**Task item**
Within the entries below, the lines from the one with "City Of Glass book" through the one with "Image 1 - Para ord LDA MAGS" are to be set down exactly, both ends kept.

**Data extracts**
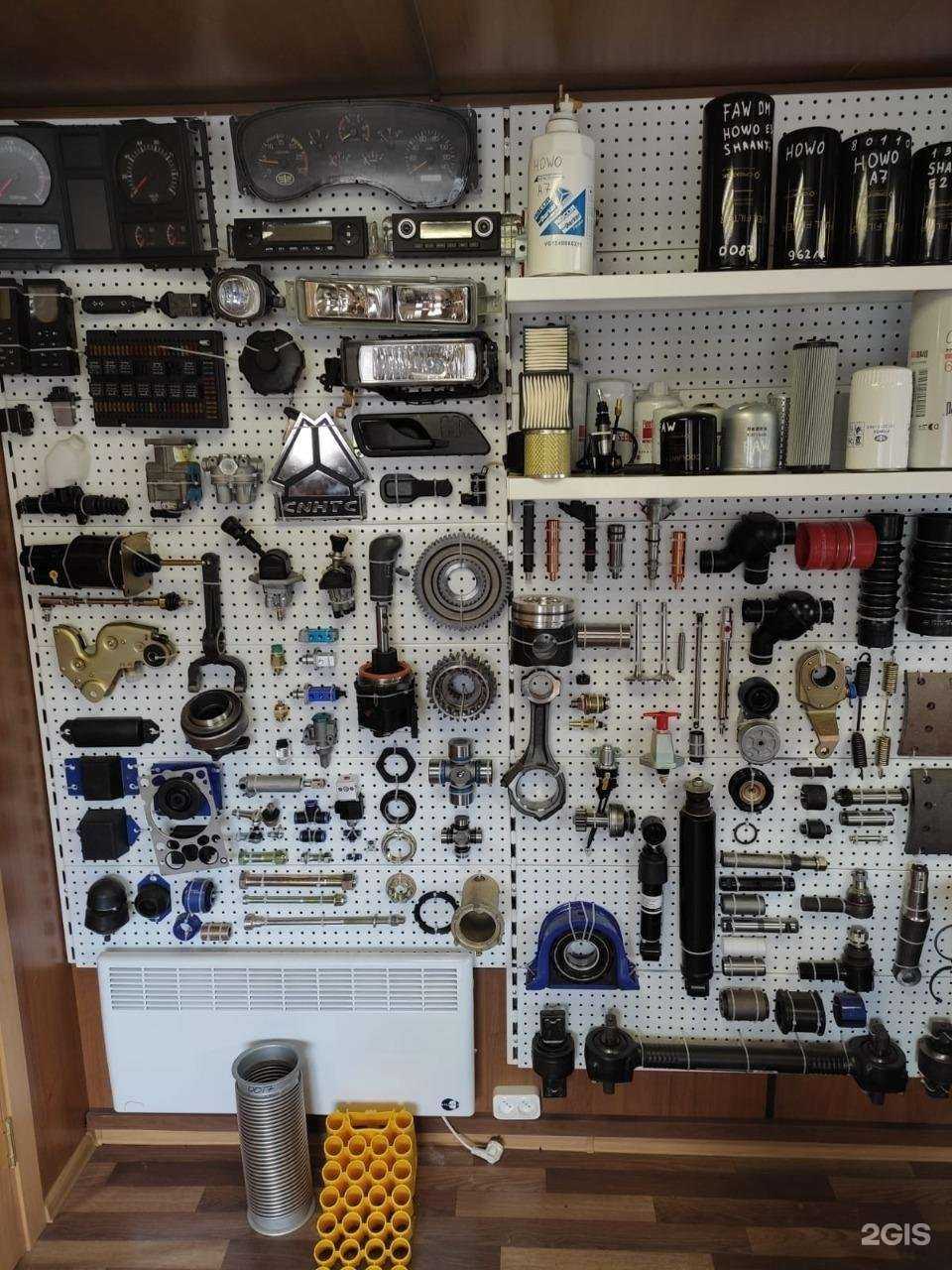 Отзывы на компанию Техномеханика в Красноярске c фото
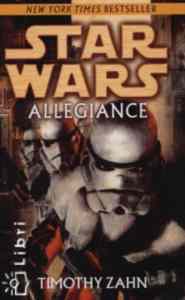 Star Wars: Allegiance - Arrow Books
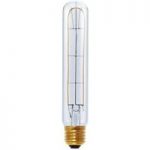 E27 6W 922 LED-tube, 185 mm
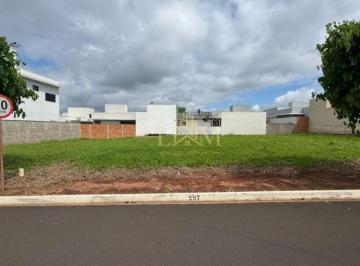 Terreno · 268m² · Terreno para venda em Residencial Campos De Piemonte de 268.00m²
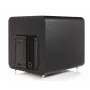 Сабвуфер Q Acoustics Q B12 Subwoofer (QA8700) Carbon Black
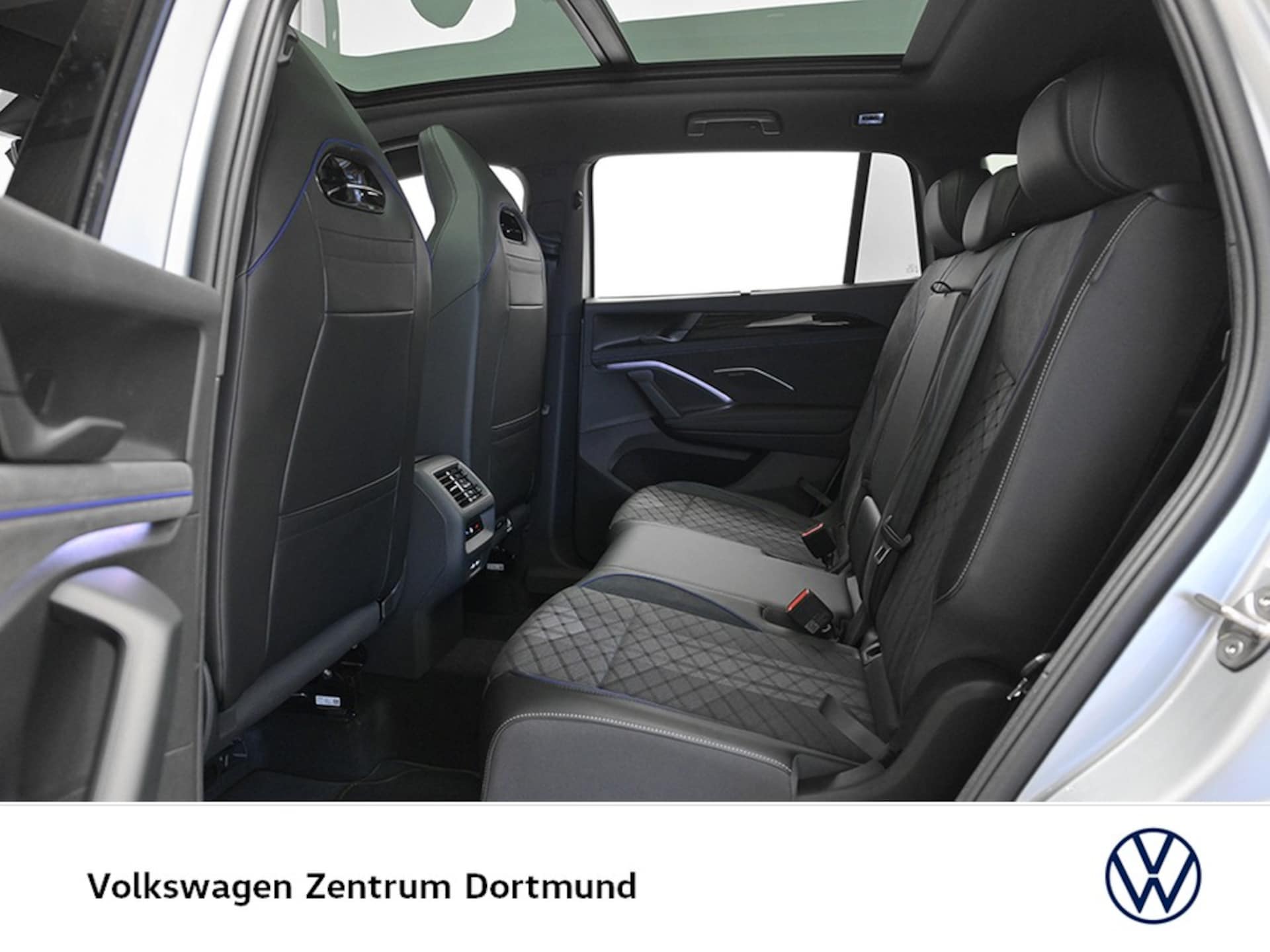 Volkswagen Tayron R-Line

==

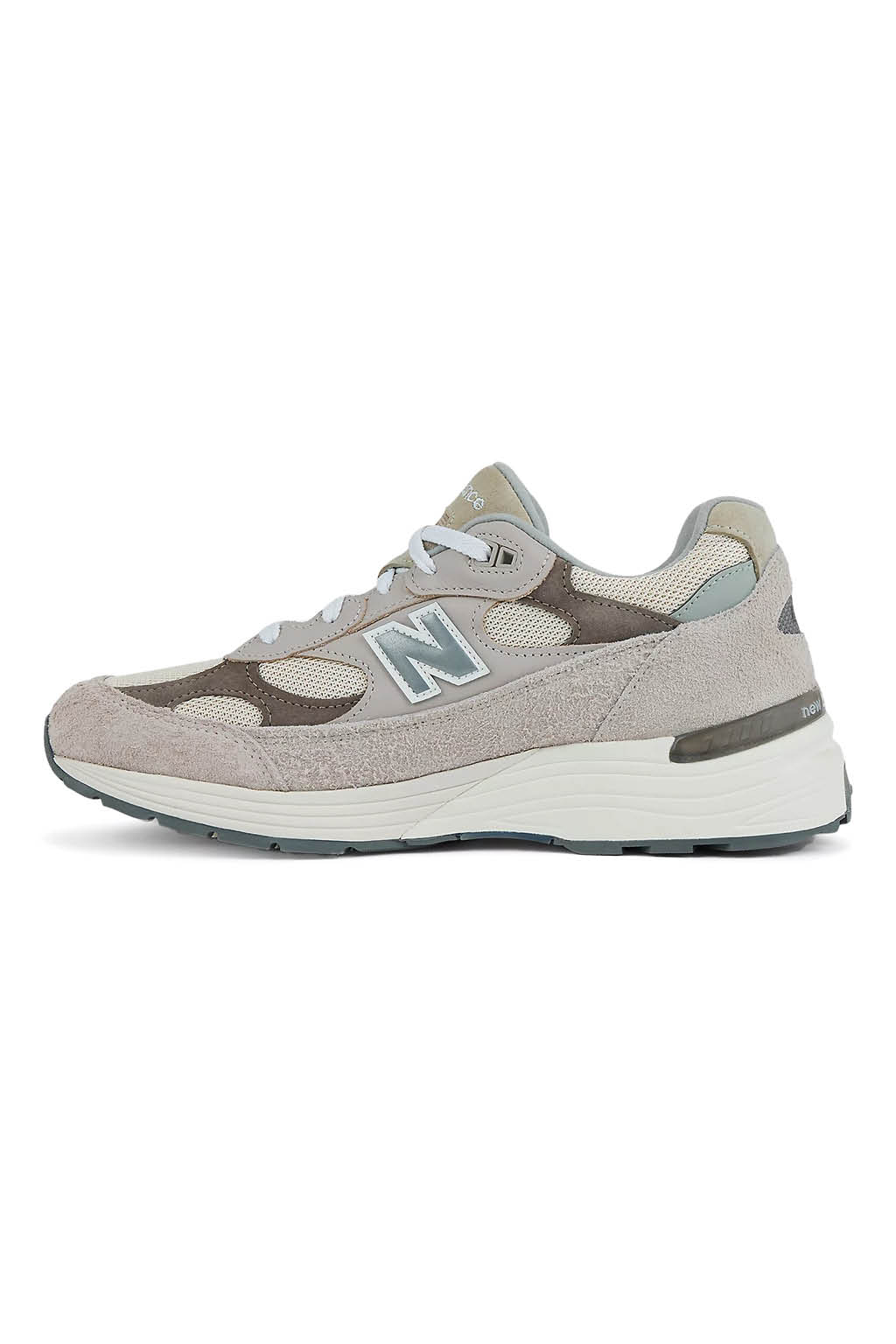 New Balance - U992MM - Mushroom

---

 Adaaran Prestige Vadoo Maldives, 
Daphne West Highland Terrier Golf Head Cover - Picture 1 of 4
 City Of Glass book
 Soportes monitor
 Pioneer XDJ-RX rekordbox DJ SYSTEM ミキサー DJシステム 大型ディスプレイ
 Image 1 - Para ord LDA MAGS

**Task output**
 City Of Glass book
 Soportes monitor
 Pioneer XDJ-RX rekordbox DJ SYSTEM ミキサー DJシステム 大型ディスプレイ
 Image 1 - Para ord LDA MAGS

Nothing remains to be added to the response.